:: RECORDED INFORMATION ::

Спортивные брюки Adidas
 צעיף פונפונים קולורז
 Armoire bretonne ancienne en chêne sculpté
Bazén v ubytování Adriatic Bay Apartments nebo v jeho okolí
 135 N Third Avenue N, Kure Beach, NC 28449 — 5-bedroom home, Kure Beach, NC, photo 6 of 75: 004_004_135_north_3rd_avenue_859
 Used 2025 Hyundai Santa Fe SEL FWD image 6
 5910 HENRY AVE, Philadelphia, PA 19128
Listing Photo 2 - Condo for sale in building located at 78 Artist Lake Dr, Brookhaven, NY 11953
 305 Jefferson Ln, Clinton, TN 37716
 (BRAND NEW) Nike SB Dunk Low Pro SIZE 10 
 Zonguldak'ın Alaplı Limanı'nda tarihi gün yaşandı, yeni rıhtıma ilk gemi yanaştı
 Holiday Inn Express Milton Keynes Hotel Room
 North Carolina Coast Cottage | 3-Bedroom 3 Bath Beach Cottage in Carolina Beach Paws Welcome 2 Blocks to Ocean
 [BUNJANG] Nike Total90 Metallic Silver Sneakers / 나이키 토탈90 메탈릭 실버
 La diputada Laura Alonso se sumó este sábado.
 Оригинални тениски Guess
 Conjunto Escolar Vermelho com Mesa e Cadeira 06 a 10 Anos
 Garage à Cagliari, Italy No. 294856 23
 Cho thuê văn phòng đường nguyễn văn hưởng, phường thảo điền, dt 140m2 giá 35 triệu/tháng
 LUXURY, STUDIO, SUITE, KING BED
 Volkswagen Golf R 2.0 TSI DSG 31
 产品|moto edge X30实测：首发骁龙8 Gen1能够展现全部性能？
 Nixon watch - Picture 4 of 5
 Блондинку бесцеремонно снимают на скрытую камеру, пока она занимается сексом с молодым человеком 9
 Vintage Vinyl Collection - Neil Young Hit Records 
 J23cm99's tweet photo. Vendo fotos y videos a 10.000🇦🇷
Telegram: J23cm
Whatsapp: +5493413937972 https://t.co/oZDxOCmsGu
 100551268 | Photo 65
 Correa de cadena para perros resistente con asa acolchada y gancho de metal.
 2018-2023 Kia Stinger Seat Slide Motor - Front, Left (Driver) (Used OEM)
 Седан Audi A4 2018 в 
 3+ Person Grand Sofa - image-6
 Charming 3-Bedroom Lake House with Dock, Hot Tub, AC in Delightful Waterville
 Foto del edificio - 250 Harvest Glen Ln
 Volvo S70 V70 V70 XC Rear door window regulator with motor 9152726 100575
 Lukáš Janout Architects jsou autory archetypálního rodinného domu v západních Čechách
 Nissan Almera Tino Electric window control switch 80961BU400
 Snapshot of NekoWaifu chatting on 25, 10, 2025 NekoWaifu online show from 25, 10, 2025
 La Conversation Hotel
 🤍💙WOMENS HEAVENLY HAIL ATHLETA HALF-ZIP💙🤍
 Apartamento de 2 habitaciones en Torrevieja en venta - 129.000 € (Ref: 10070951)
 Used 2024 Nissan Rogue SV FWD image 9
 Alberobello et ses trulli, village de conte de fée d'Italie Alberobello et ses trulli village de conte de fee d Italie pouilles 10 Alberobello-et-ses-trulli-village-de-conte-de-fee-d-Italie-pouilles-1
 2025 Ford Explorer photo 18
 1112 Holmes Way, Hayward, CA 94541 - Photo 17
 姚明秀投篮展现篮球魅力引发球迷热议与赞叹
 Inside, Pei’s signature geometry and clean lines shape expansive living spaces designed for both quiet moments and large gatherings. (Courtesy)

:::

■ TO DO:
Say how many lines above contain "window", and give no words besides the number.

■ ANSWER TO THIS PROBLEM:
2